I wonder why it decided to leave the tank after 3 years?
looking for a mate? didn't like being alone?
I gave it shrimp pellets, live and dead worms as well as crushed snails so it should have been ok with the menu.


----------



## hXcChic22 (Dec 26, 2009)

Aw I'm so sorry... tough loss. 
We've not had anyone commit suicide yet but now you've got me worried that our horseface will. We see him so little it wouldn't be hard for him to disappear and us not know it


----------



## CoryLoachFreak (Feb 20, 2006)

*Even though Horseface Loaches live most of their life in the substrate, they are known to be "jumpers". I swear they think they have wings!!!

The three that I have in one of my 55's come out all the time and play with the Zipper Loaches. Pretty funny to watch them. I have them in other tanks as well, and hardly ever see them.

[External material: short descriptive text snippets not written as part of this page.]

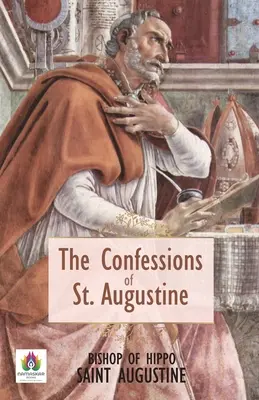 Vyznania svätého Augustína - The Confessions of St. Augustin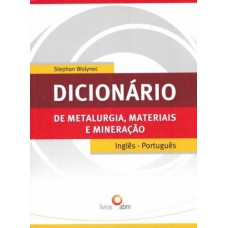 DICIONÁRIO DE METALURGIA, MATERIAIS E MINERAÇÃO
 INGLÊS - PORTUGUÊS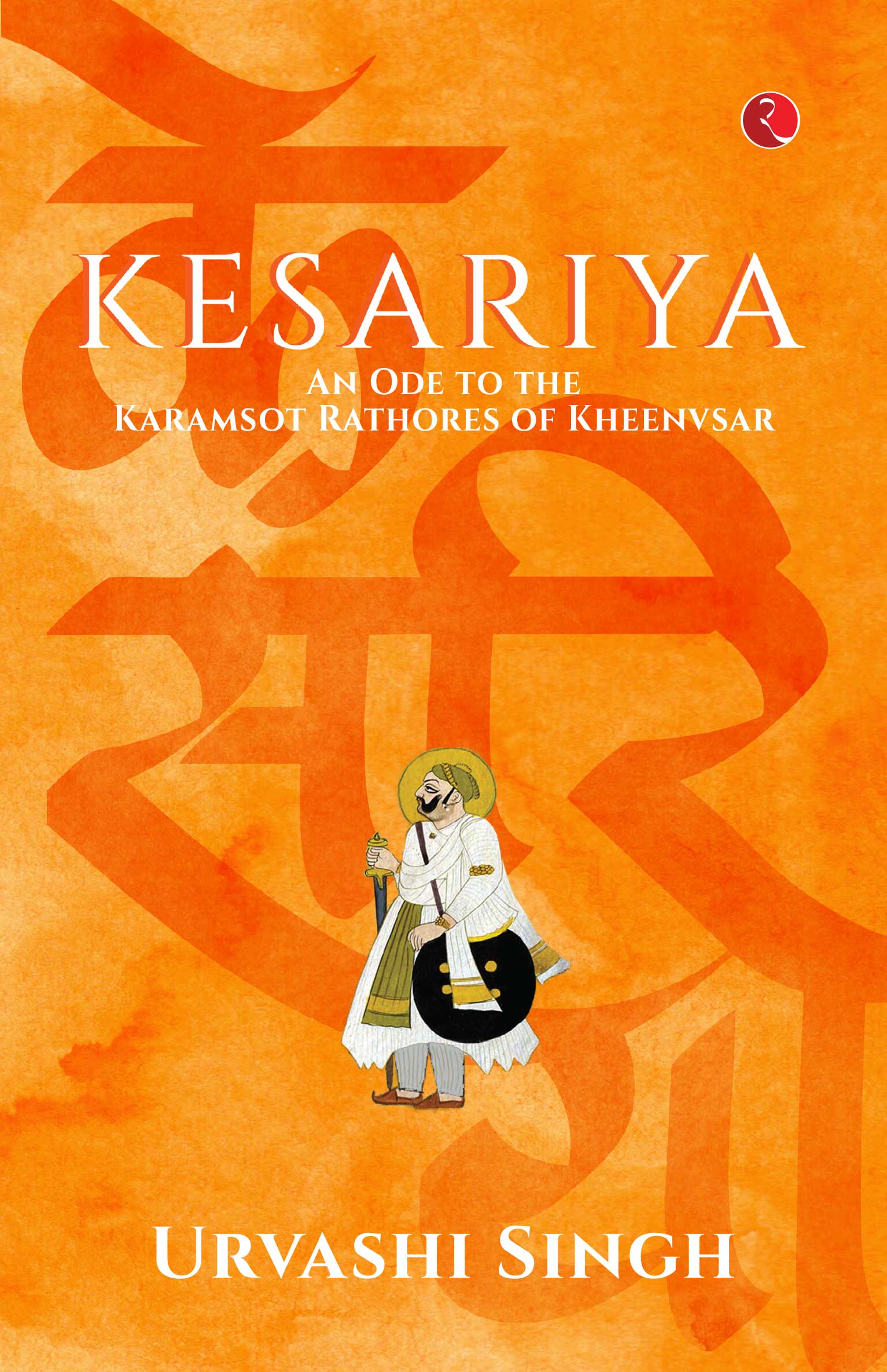 KESARIYA: An Ode to the Karamsot Rathores of Kheenvsar by Urvashi Singh
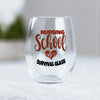 Nursing School Survival Glass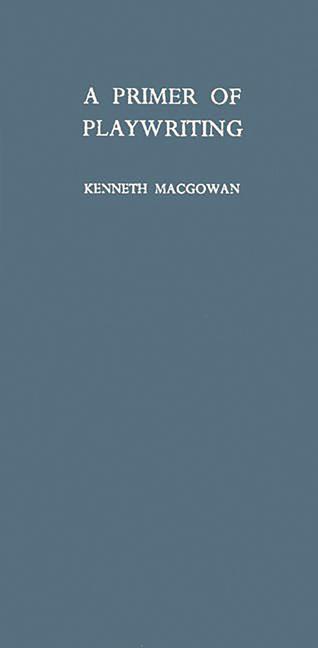 Primer of Playwriting (Revised)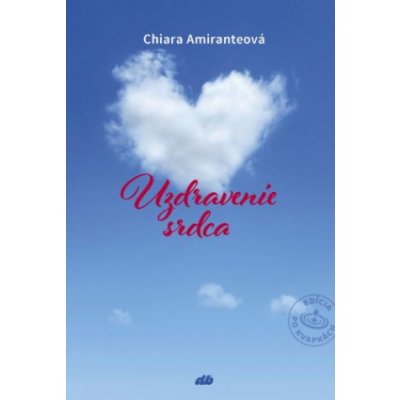 Uzdravenie srdca - Chiara Amirante – Hledejceny.cz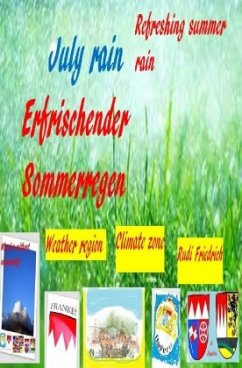 Erfrischender Sommerregen Refreshing summer rain - Weather regions , Climate zones;Haßfurt Knetzgau, Augsfeld;Friedrich, Rudi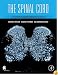 The Spinal Cord: A Christopher and Dana Reeve Foundation Text and Atlas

Sorry to hear about your loss.

Jeff
"ThePlantManager" *


----------



## mousey (Jan 18, 2005)

Thanks folks, I don't think I will get any more undergravel fishes. I don't see them enough.
this little fish was nice and fat and wasn't all that afraid. I feel quite upset about it.


----------



## NatBarry (Feb 19, 2008)

Aw, sorry to hear that. I've known a lot of loaches to do that, if you don't keep the aquarium tightly covered then expect some "jumping" haha


----------